◆ GOAL OF THE EXERCISE: Please reproduce, exactly as given, the lines running from the start of the data to the line containing "1FA6P8CF2L5181359 2020 FORD", inclusive, and omit the pictures.

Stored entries
★ ★ ★ ★

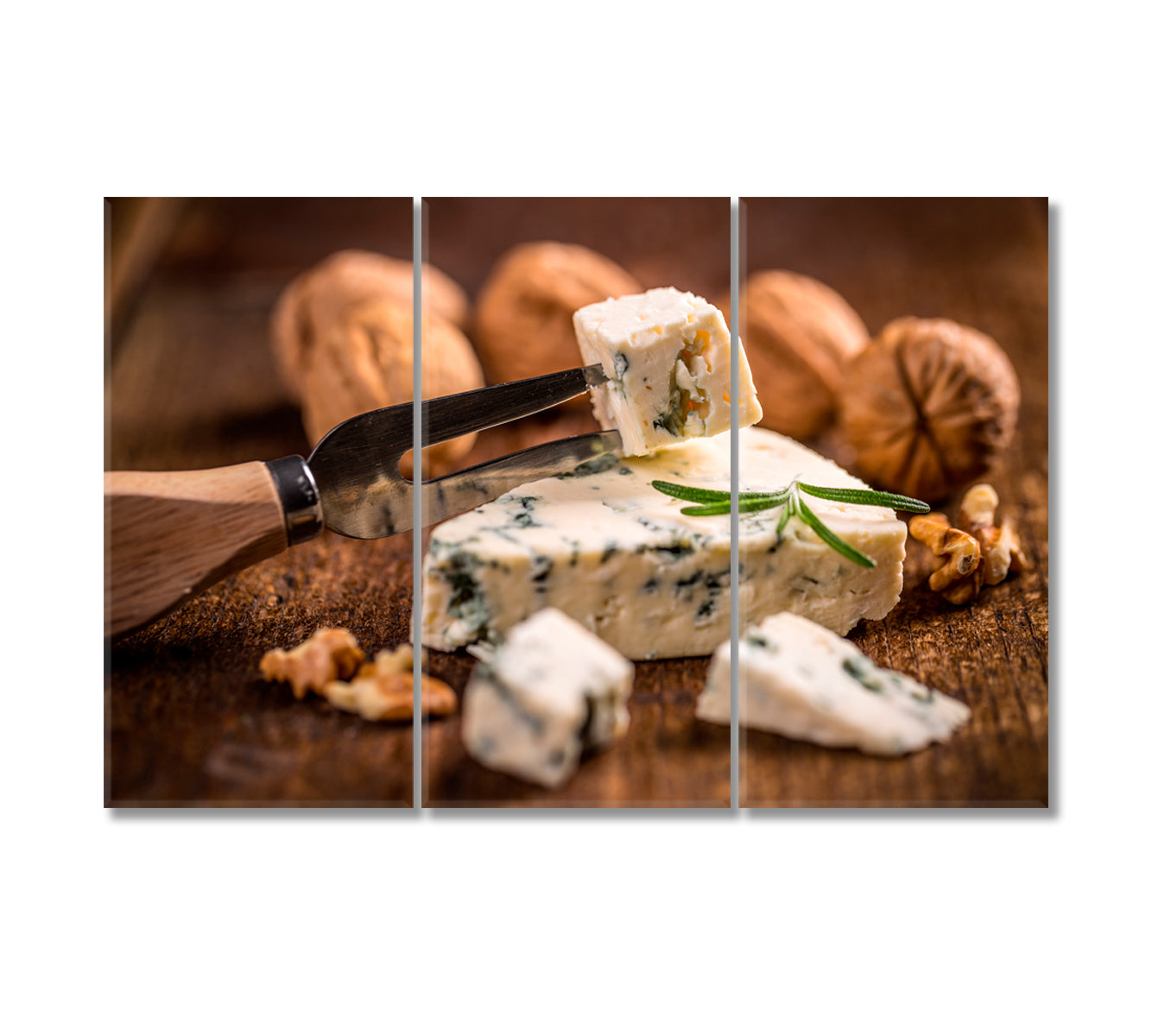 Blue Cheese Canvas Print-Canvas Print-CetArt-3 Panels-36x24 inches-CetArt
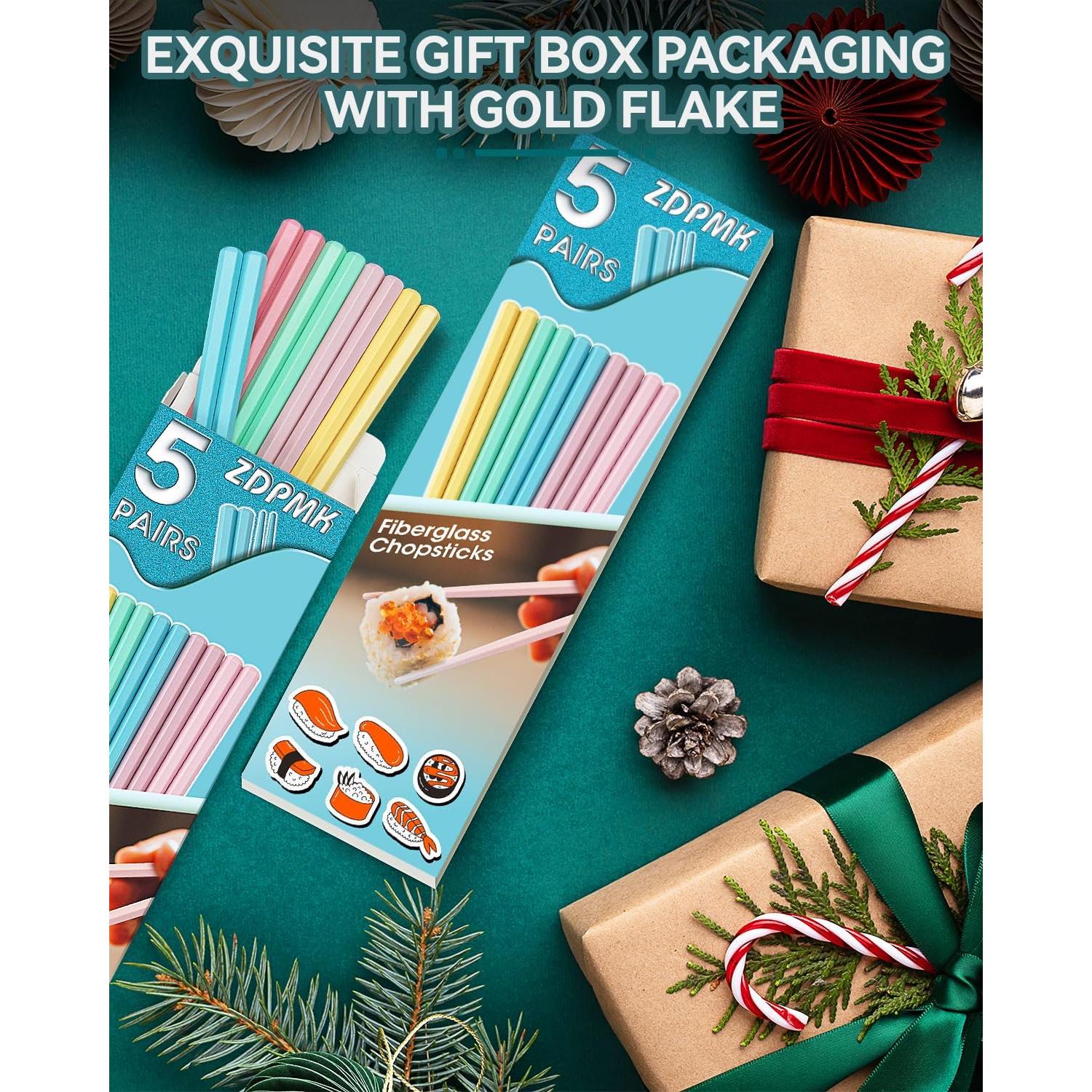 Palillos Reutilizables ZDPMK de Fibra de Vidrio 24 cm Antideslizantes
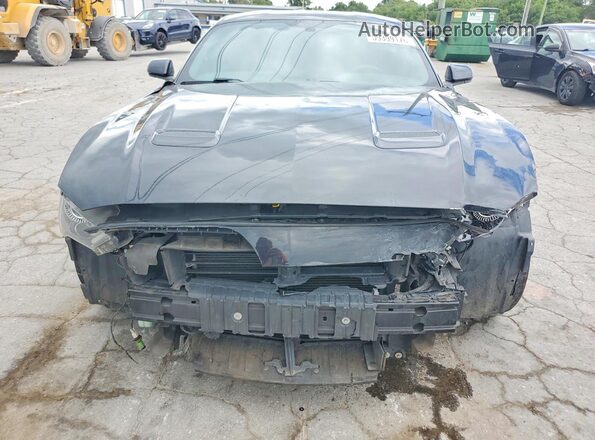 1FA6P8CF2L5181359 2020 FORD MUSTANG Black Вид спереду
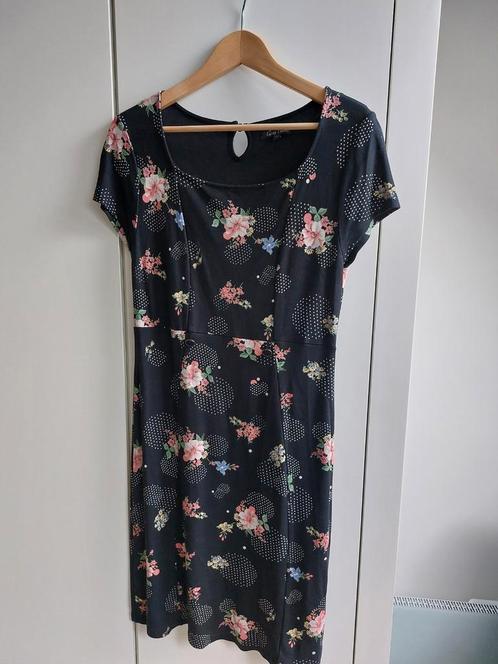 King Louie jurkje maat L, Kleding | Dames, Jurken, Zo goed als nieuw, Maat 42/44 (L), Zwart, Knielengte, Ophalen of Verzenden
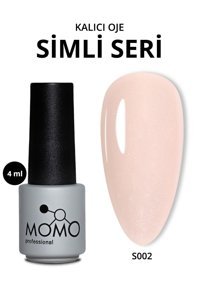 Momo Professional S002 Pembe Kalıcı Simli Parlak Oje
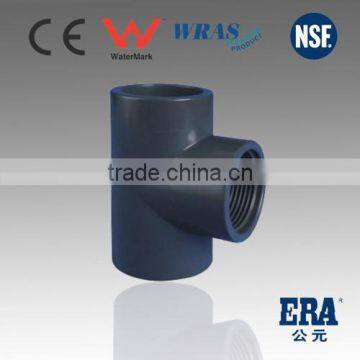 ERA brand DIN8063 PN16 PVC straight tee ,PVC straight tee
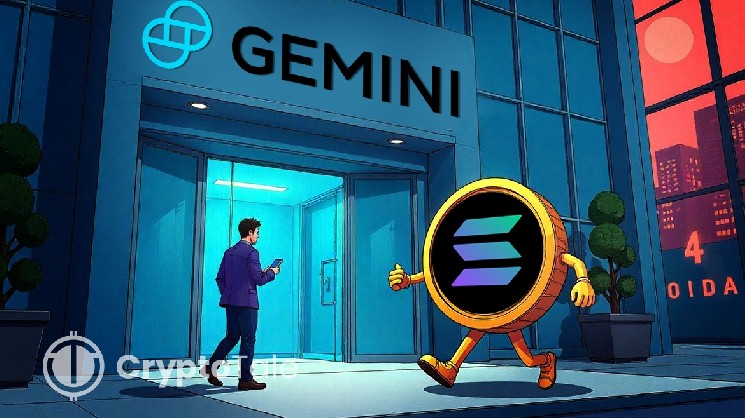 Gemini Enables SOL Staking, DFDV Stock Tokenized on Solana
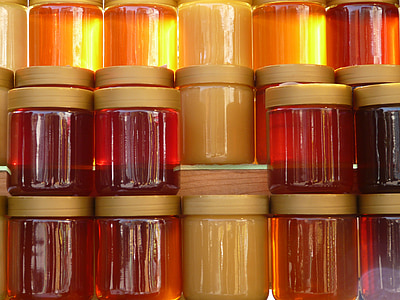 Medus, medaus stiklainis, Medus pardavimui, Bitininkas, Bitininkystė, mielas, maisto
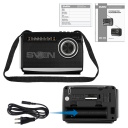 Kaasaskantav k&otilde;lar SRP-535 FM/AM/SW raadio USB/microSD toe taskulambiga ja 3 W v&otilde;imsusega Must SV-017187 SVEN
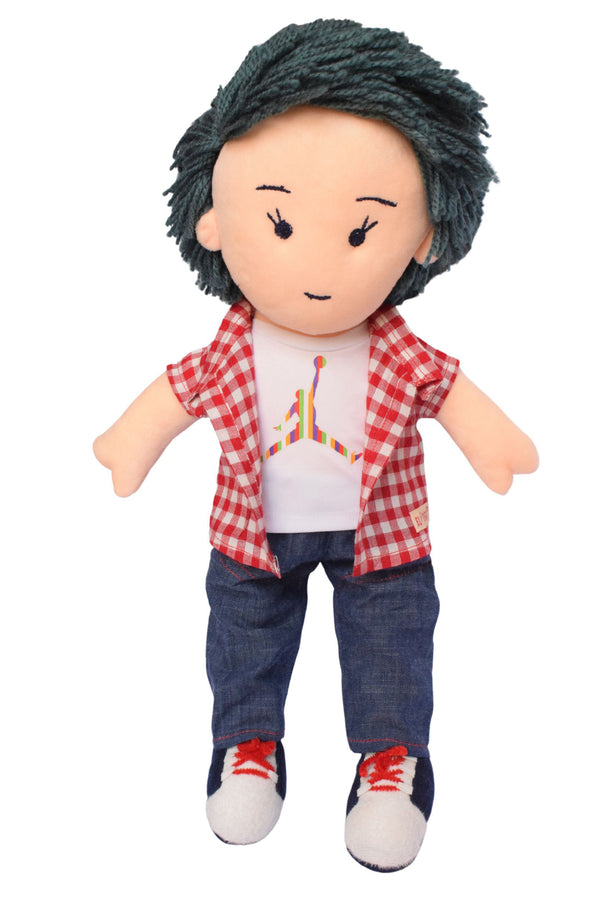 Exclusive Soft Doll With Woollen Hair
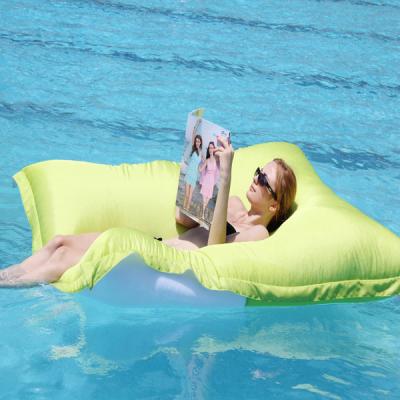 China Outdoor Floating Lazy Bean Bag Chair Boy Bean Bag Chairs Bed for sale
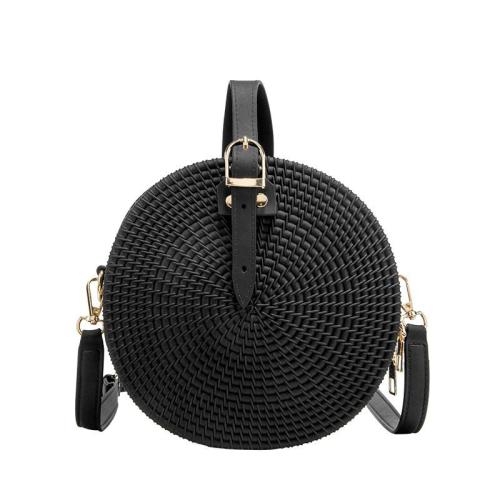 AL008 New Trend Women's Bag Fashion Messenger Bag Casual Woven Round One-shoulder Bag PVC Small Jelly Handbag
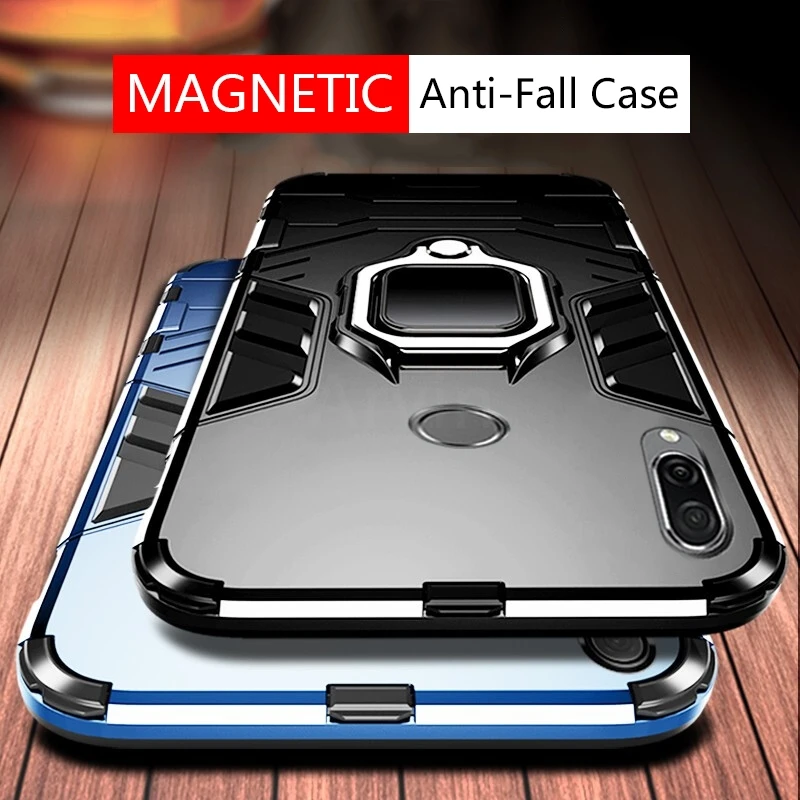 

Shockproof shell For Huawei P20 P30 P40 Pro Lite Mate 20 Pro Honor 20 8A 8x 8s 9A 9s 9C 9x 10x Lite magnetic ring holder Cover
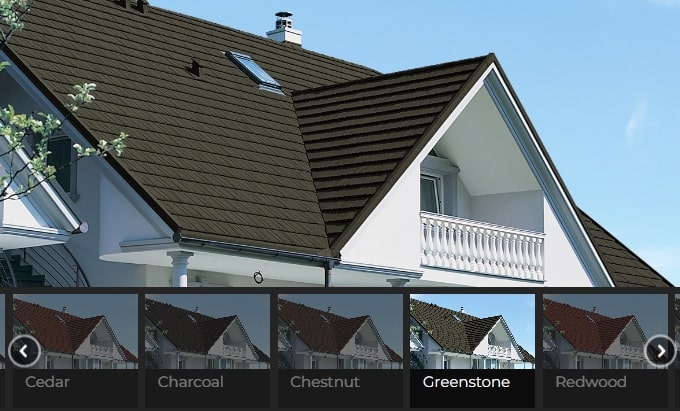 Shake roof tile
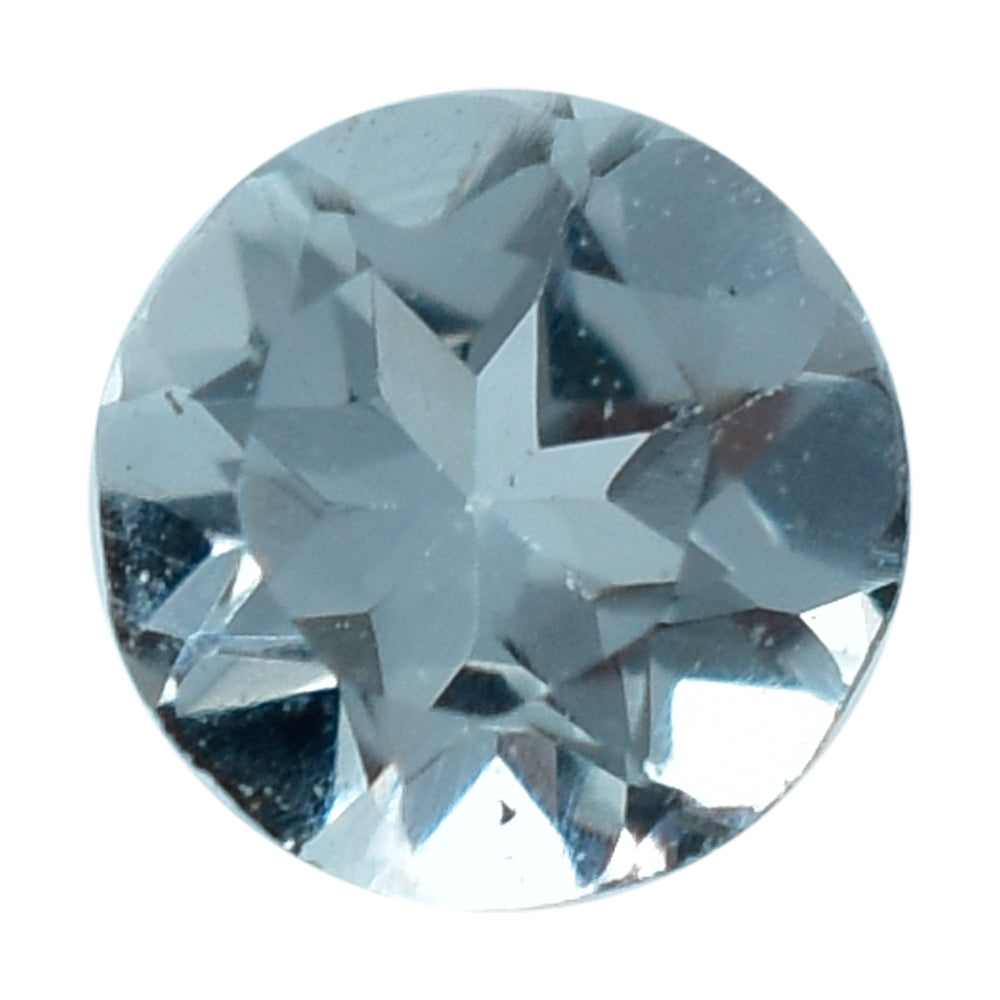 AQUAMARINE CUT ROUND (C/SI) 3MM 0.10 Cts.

★ ★ ★ ★

◆ EXERCISE SOLUTION:
 Blue Cheese Canvas Print-Canvas Print-CetArt-3 Panels-36x24 inches-CetArt
 Palillos Reutilizables ZDPMK de Fibra de Vidrio 24 cm Antideslizantes
 1FA6P8CF2L5181359 2020 FORD MUSTANG Black Вид спереду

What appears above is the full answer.